Backing up cloud data? Help request.

I’m very fond of backups, after the long series of issues I’ve had before I started doing incremental backups.. I still have got some backup DVDs around, some of which are almost unreadable, and at least one that is compressed with the xar archive in a format that is no longer supported, especially on 64-bit.

Right now, my backups are all managed through rsnapshot, with a bit of custom scripts over it to make sure that if an host is not online, the previous backup is maintained. This works almost perfectly, if you exclude the problems with restored files and the fact that a rename causes files to double, as rsnapshot does not really apply any data de-duplication (and the fdupes program and the like tend to be .. a bit too slow to use on 922GB of data).

But there is one problem that rsnapshot does not really solve: backup of cloud data!
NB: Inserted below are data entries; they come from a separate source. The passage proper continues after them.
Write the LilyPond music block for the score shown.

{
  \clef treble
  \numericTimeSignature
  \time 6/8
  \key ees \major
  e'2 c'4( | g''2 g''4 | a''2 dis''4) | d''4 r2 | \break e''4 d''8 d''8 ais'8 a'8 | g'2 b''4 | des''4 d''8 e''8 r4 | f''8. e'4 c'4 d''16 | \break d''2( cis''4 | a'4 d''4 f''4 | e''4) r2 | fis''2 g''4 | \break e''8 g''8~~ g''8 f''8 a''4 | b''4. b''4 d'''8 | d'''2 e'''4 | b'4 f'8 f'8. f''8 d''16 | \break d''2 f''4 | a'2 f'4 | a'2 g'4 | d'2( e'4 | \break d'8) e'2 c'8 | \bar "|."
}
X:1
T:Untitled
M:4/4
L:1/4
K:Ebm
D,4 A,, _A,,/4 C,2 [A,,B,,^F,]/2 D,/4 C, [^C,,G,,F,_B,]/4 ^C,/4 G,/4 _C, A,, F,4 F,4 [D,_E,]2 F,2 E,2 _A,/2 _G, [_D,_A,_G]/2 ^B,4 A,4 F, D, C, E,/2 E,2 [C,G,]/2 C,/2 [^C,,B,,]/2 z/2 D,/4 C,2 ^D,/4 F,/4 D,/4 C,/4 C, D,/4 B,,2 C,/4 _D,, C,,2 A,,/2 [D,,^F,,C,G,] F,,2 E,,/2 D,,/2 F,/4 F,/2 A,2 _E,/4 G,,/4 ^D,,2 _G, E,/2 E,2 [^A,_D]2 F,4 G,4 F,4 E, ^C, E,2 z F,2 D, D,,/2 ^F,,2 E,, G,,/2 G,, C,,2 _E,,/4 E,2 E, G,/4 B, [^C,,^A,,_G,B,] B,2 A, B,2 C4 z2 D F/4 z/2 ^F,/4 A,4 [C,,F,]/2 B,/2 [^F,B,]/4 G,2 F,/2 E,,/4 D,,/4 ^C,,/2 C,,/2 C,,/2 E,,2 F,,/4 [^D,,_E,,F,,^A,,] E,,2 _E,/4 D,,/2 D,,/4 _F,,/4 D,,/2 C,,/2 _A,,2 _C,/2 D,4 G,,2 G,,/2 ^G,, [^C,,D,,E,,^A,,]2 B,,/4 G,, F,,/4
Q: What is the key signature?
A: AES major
Don’t get me wrong: I do backup the (three) remote servers just fine, but this does not cover the data that is present in remote, “cloud” storage, such as the GitHub, Gitorious and BitBucket repositories, or delicious bookmarks, GMail messages, and so on so forth.
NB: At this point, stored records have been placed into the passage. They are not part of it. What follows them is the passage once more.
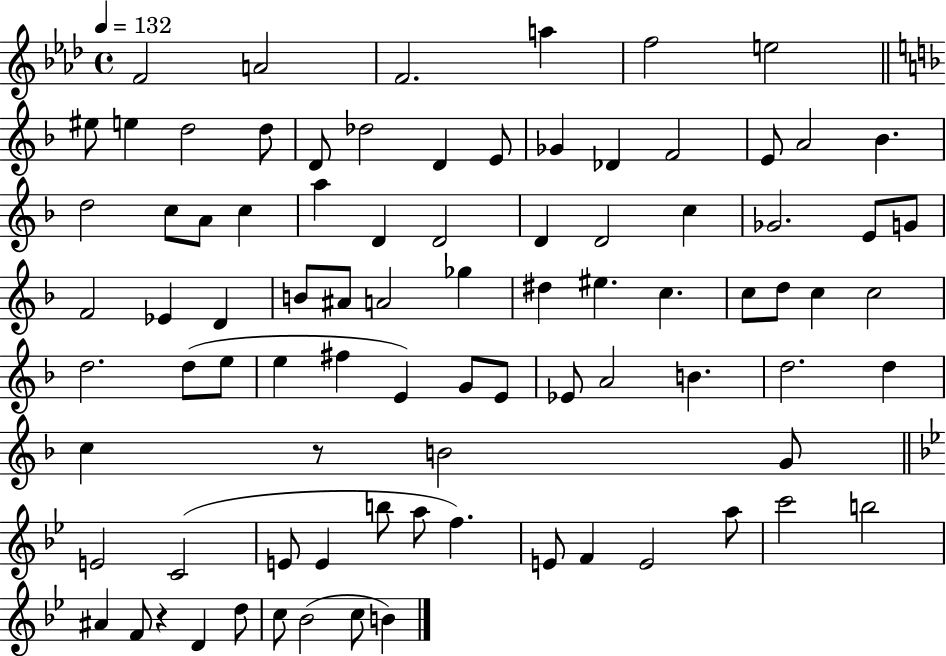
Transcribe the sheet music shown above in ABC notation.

X:1
T:Untitled
M:4/4
L:1/4
K:Ab
F2 A2 F2 a f2 e2 ^e/2 e d2 d/2 D/2 _d2 D E/2 _G _D F2 E/2 A2 _B d2 c/2 A/2 c a D D2 D D2 c _G2 E/2 G/2 F2 _E D B/2 ^A/2 A2 _g ^d ^e c c/2 d/2 c c2 d2 d/2 e/2 e ^f E G/2 E/2 _E/2 A2 B d2 d c z/2 B2 G/2 E2 C2 E/2 E b/2 a/2 f E/2 F E2 a/2 c'2 b2 ^A F/2 z D d/2 c/2 _B2 c/2 B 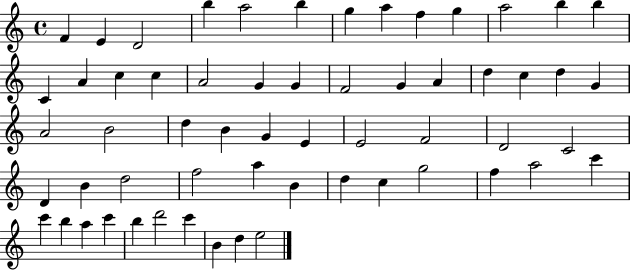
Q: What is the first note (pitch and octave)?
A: F4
Cloning the bare repositories and backing those up is relatively trivial: it’s a simple script to write. The problem starts with the less “programmatic” services, such as the noted bookmarks and messages. Especially with GMail as copying the whole 3GB of data each time from the server is unlikely to work fine, it has to be done properly.
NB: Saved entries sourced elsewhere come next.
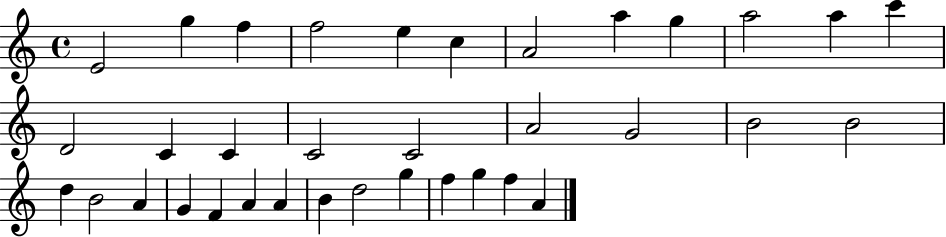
{
  \clef treble
  \time 4/4
  \defaultTimeSignature
  \key c \major
  e'2 g''4 f''4 | f''2 e''4 c''4 | a'2 a''4 g''4 | a''2 a''4 c'''4 | \break d'2 c'4 c'4 | c'2 c'2 | a'2 g'2 | b'2 b'2 | \break d''4 b'2 a'4 | g'4 f'4 a'4 a'4 | b'4 d''2 g''4 | f''4 g''4 f''4 a'4 | \break \bar "|."
} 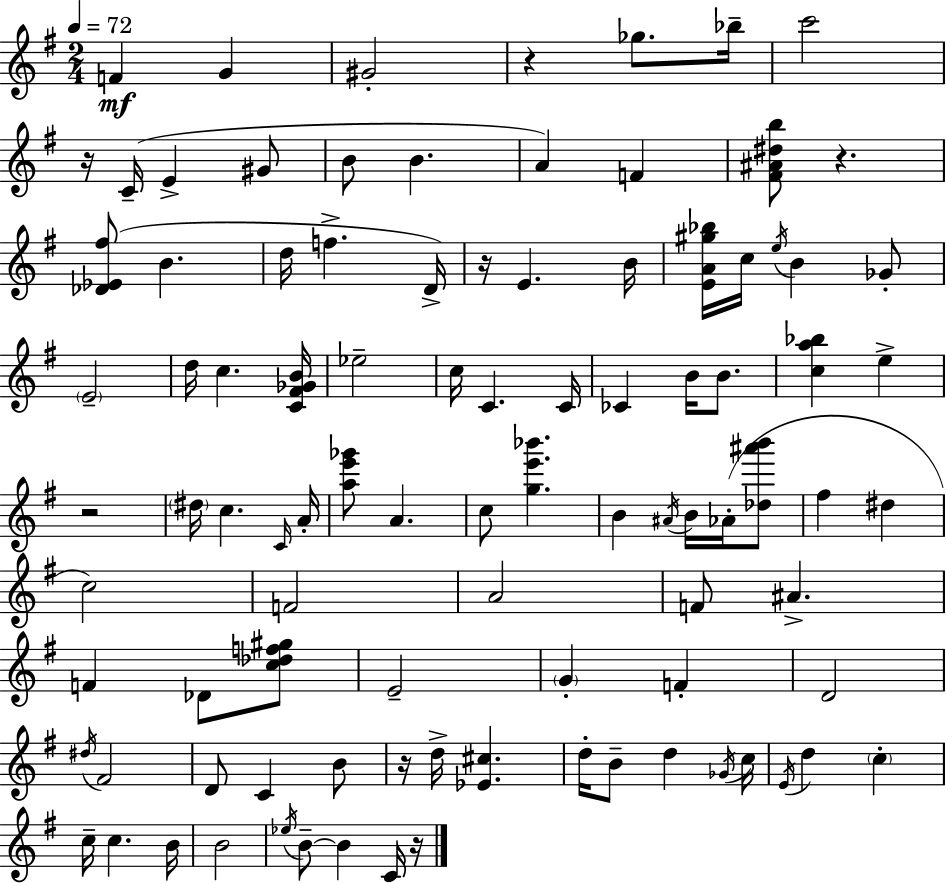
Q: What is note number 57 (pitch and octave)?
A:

Has anybody any pointer on the matter? Maybe there’s already a smart backup script, similar to tante’s smart pruning script that can take care of copying the messages via IMAP, for instance…

5 thoughts on “Backing up cloud data? Help request.

  1. I forward my Google Apps email account (Gmail) to a box I own which ends up getting backed up. This has been a terrific solution for making sure my email is backed up.This won’t work well for your existing mail, but going forward it should satisfy your needs.I have everything going into a maildir-format so I can use the incremental-rsync-backups-using-hardlink trick quite nicely.


  2. About gmail:Sync your messages to maildir periodically using e.g. fetchmail, then apply your ordinary backup tools to this maildir folder.Hardlinks can save space if rsnapshot supports that.


  3. I just use isync (binary is called mbsync) to synchronize IMAP server contents with my local backup.It uses IMAP features to only transfer changes and works with the 35000 email mailbox I have (though it is only 300 MB).


  4. offlineimap is probably what you’re looking for, though it lacks of backup functionality but quite efficiently syncronize imap<>imap or imap<>maildir storages (bidirectionally as an option). As for backup: i moved 2G of my Gmail garbage under Git. (smothing about of+600M packed)